I did use the train_any_t5_task.py
file the author gave (https://github.com/flexudy-pipe/sentence-doctor/blob/master/train_any_t5_task.py) in order to fine-tune the model.
After a few modifications, I made it run, and it actually gave me a model.
However, when I try to use this model with the inference code provided by the author, I always get an error (I tried it both on Google Colab and locally).
Here is the code I ran:
from transformers import AutoTokenizer, AutoModelWithLMHead
#this is the path to my model
tokenizer = AutoTokenizer.from_pretrained("D:\model\\t5-base-multi-your-sentence-doctor", local_files_only=True) #used local_files_only just when I tried to run it locally
model = AutoModelWithLMHead.from_pretrained("D:\model\\t5-base-multi-your-sentence-doctor", local_files_only=True)
#french sentence that need to be repaired
input_text = "repair_sentence: j\ sui malade"
input_ids = tokenizer.encode(input_text, return_tensors="pt")
outputs = model.generate(input_ids, max_length=32, num_beams=1)
sentence = tokenizer.decode(outputs[0], skip_special_tokens=True, clean_up_tokenization_spaces=True)

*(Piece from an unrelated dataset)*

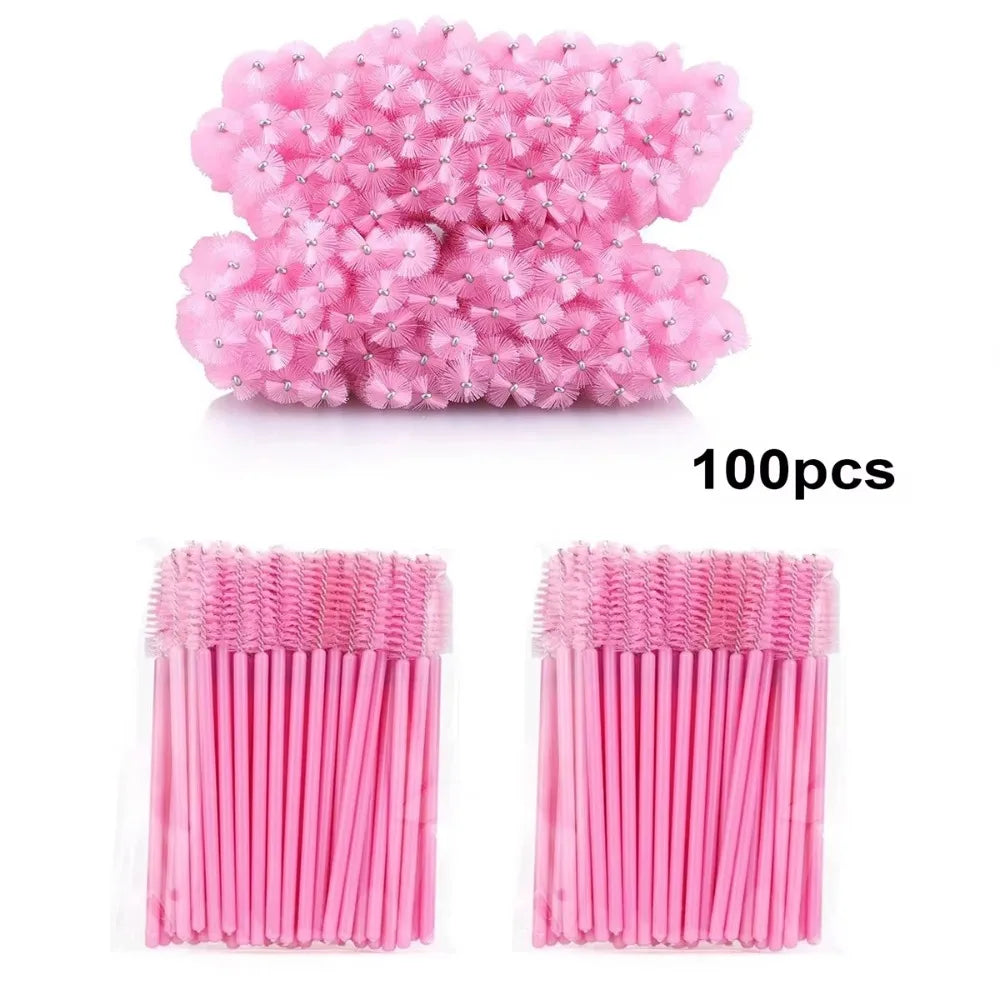 100Pcs Disposable Eyelash Brushes Spoolie Mascara Wands For Eyelash Extension Household Salon Cosmetic Supply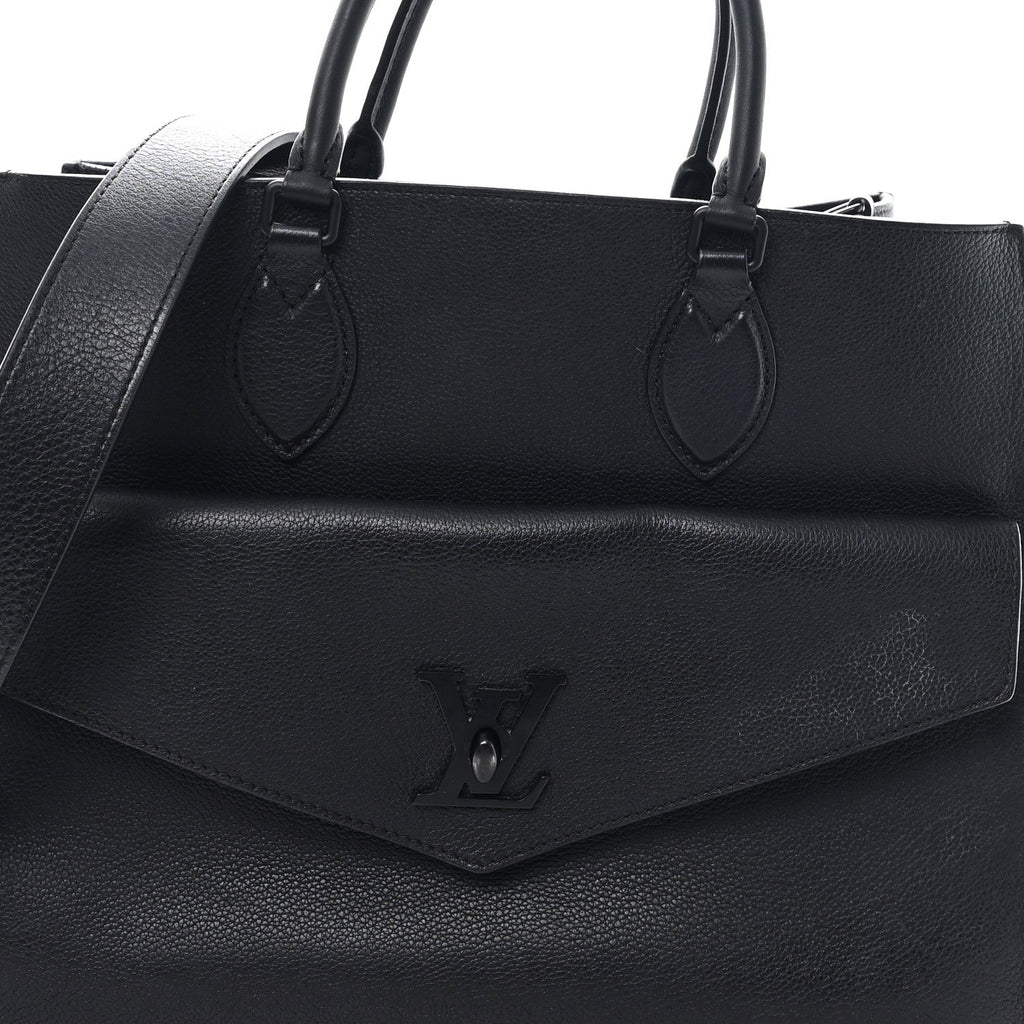 Louis Vuitton Soft Calfskin Lockme Tote MM Black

Here is the error I always get:
RuntimeError: Internal: C:\projects\sentencepiece\src\sentencepiece_processor.cc(891)
[model_proto->ParseFromArray(serialized.data(), serialized.size())]
By the way, here is the link to the google collab, you will find there the code I ran in order to train a new model: https://colab.research.google.com/drive/1jRNgVESZh-o42o0OzpNN51JgyI74diaY?usp=sharing
Can someone help me with that, please?